Coel was seen leaving The Bowery Hotel in a navy Ferragamo skirt suit that reads like a petite master class in proportion. The top was structured and long-sleeved, with black buttoned paneling left open at the center, so the eye lands on the waist before it drifts downward. The skirt sharpened the effect with white-lined side panels and a micro mini hem that keeps the leg line long and clean. It is a reminder that with suiting, scale matters as much as attitude. A shorter jacket hem, a higher hemline and a waist that sits exactly where the body wants to narrow can do more than a dramatic silhouette ever could.

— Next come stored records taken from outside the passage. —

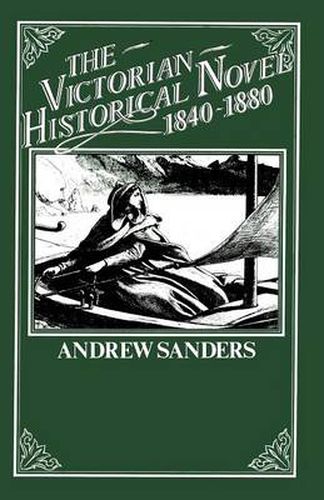 The Victorian Historical Novel 1840-1880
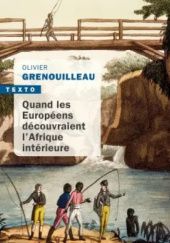 Okładka książki Quand les Européens découvraient l’Afrique intérieure Olivier Grenouilleau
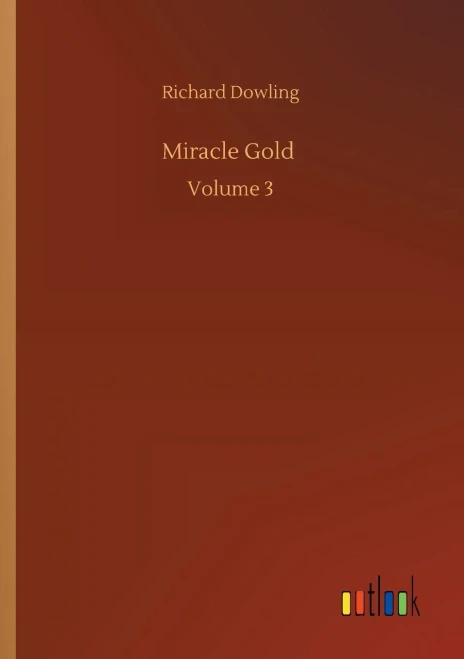 Miracle Gold: Volume 3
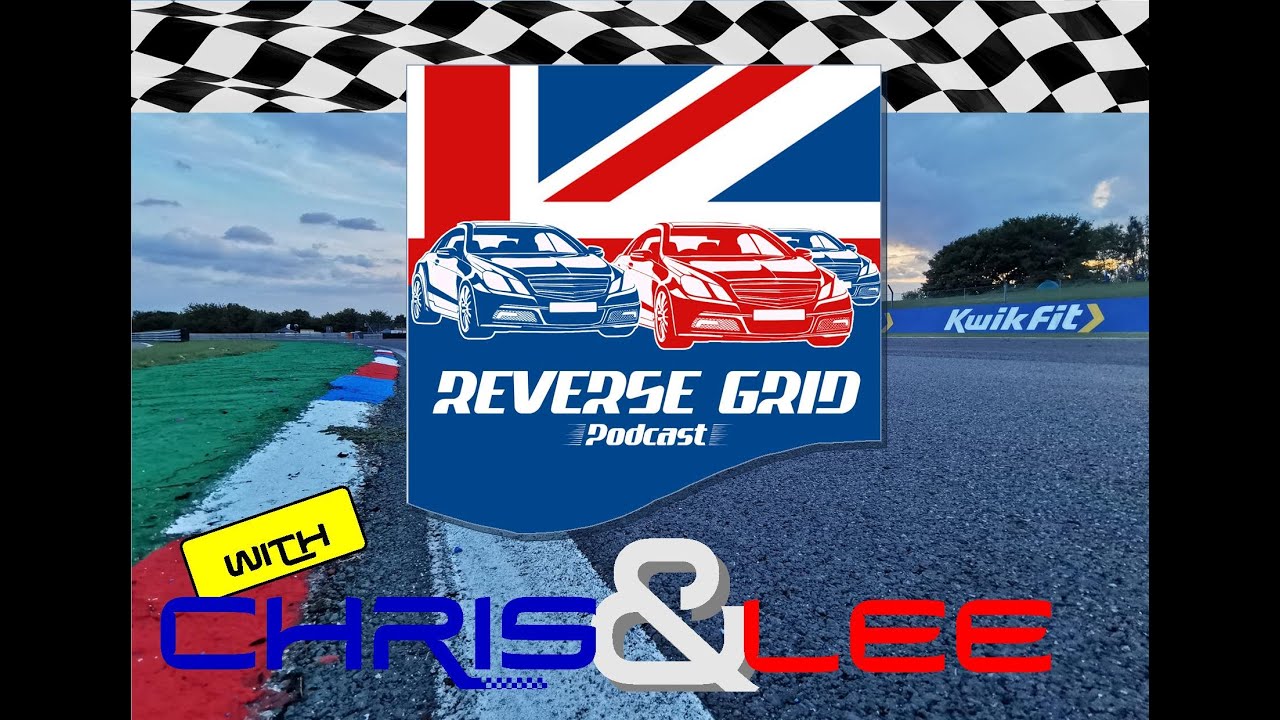 Ep. 12 - The Relaunch - Chris welcomes new co-host Lee, discusses classic BTCC & look ahead to Croft
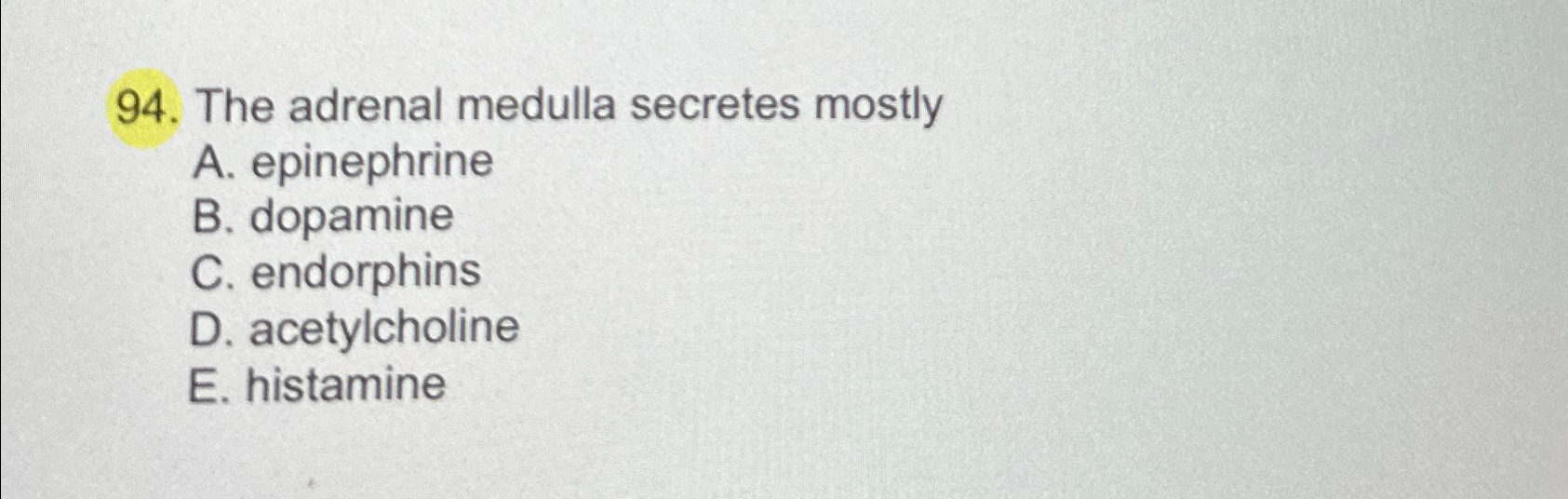 Solved The adrenal medulla secretes mostlyA. ﻿epinephrineB.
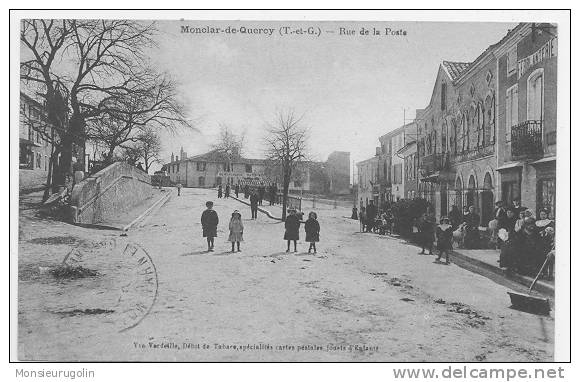 82 ) MONTCLAR DE QUERCY, Rue De La Poste, ANIMEE, Vve Vardeille Ã©dit, (ferblanterie Ã  Droite) - Montclar De Quercy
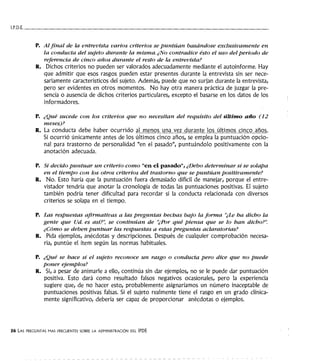 l.P.D.E.------------------------------------
P. Al final de la entrevista varios criterios se puntúan basándose exclusivamente en
la conducta del sujeto durante la misma. ¿No contradice ésto el uso del periodo de
referencia de cinco años durante el resto de la entrevista?
R. Dichos criterios no pueden ser valorados adecuadamente mediante el autoinforme. Hay
que admitir que esos rasgos pueden estar presentes durante la entrevista sin ser nece-
sariamente característicos del sujeto. Además, puede que no surjan durante la entrevista,
pero ser evidentes en otros momentos. No hay otra manera práctica de juzgar la pre-
sencia o ausencia de dichos criterios particulares, excepto el basarse en los datos de los
informadores.
P. ¿Qué sucede con los criterios que no necesitan del requisito del último año (12
meses)?
R. La conducta debe haber ocurrido al menos una vez durante los últimos cinco años.
Si ocurrió únicamente antes de los últimos cinco años, se emplea la puntuación opcio-
nal para trastorno de personalidad "en el pasado", puntuándolo positivamente con la
anotación adecuada.
P. Si decido puntuar un criterio como "en el pasado", ¿Debo determinar si se solapa
en el tiempo con los otros criterios del trastorno que se puntúan positivamente?
R. No. Esto haría que la puntuación fuera demasiado difícil de manejar, porque el entre-
vistador tendría que anotar la cronología de todas las puntuaciones positivas. El sujeto
también podría tener dificultad para recordar si la conducta relacionada con diversos
criterios se solapa en el tiempo.
P. Las respuestas afirmativas a las preguntas hechas bajo la forma "¿Le ha dicho la
gente que Ud. es así?'; se continúan de ''t:Por qué piensa que se lo han dicho?".
¿Cómo se deben puntuar las respuestas a estas preguntas aclaratorias?
R. Pida ejemplos, anécdotas y descripciones. Después de cualquier comprobación necesa-
ria, puntúe el ítem según las normas habituales.
P. ¿Qué se hace si el sujeto reconoce un rasgo o conducta pero dice que no puede
poner ejemplos?
R. Si, a pesar de animarle a ello, continúa sin dar ejemplos, no se le puede dar puntuación
positiva. Esto dará como resultado falsos negativos ocasionales, pero la experiencia
sugiere que, de no hacer esto, probablemente asignaríamos un número inaceptable de
puntuaciones positivas falsas. Si el sujeto realmente tiene el rasgo en un grado clínica-
mente significativo, debería ser capaz de proporcionar anécdotas o ejemplos.
26 LAS PREGUNTAS MAS FRECUENTES SOBRE LA ADMINISTRACIÓN DEL IPDE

The shoes finish the argument. Coel wore glossy black patent pointed-toe mules with S-shaped heels, a Ferragamo shape that already carries runway credibility and, in retail form, sits at $1,090 and $1,150 on the house’s women’s mules page, with runway versions priced higher. For petite dressing, that kind of pointed toe is not a small detail. It extends the leg, keeps the ankle visible and avoids the heavy break that can flatten a cropped suit. Patent leather adds a slick, reflective surface that makes the whole outfit feel deliberate rather than overworked.

What makes Coel’s look feel modern is that it lands between office code and after-hours polish. WWD described Ferragamo’s Spring 2026 mood as sultry, soigné and lounge-worthy, and that is still the right frame for this suit language. The cut-outs and open panels give the tailoring air, while the micro mini and narrow shoe preserve precision. Coel was also in New York for dual press around The Christophers and Mother Mary, which only heightens the sense that this was a working look with point of view. On her, Ferragamo’s spring tailoring does not swallow the frame. It sharpens it.